Subsistence In the broadest sense, subsistence is the taking of fish, wildlife, or other wild resources for the sustenance of families, communities, and cultures. Subsistence has been a way of life for Alaska Natives for thousands of years. Subsistence activities also are vital to many non-Natives in Alaska. Subsistence is recognized by the United States and by the State of Alaska as the highest-priority consumptive use of fish and wildlife. In a regulatory and legal sense, subsistence is a protected set of uses of fish and wildlife, reserved for Alaska rural residents.
Upper Columbia Basin Network (UCBN) One of 32 I&M networks established as part of the NPS Inventory and Monitoring Program. The Upper Columbia Basin Network comprises nine parks in Idaho, western Montana, Oregon, and Washington.

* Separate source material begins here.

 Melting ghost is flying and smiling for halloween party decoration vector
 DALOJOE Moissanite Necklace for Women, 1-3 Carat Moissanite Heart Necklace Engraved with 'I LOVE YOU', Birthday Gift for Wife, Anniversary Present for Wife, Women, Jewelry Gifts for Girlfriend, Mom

Visitor and Resource Protection (VRP) VRP includes, among other responsibilities, protecting and preserving park natural and cultural resources, enforcing laws that protect people and the parks, fire management, search and rescue, managing large-scale incidents, and on-the-ground customer service.
Volunteers In Parks Program (VIP) The Volunteers In Parks Program (VIP) was authorized by Public Law 91–357 enacted 1970. The primary purpose of the VIP program is to provide a vehicle through which the National Park Service can accept and utilize voluntary help and services from the public. The major objective of the program is to utilize this voluntary help in such a way that is mutually beneficial to the National Park Service and the volunteer. Volunteers are accepted from the public without regard to race, creed, religion, age, sex, sexual orientation, national origin, or disability.
Wilderness A designation applied to certain federal lands set aside for preservation and protection in their natural condition, in accordance with the Wilderness Act of 1964.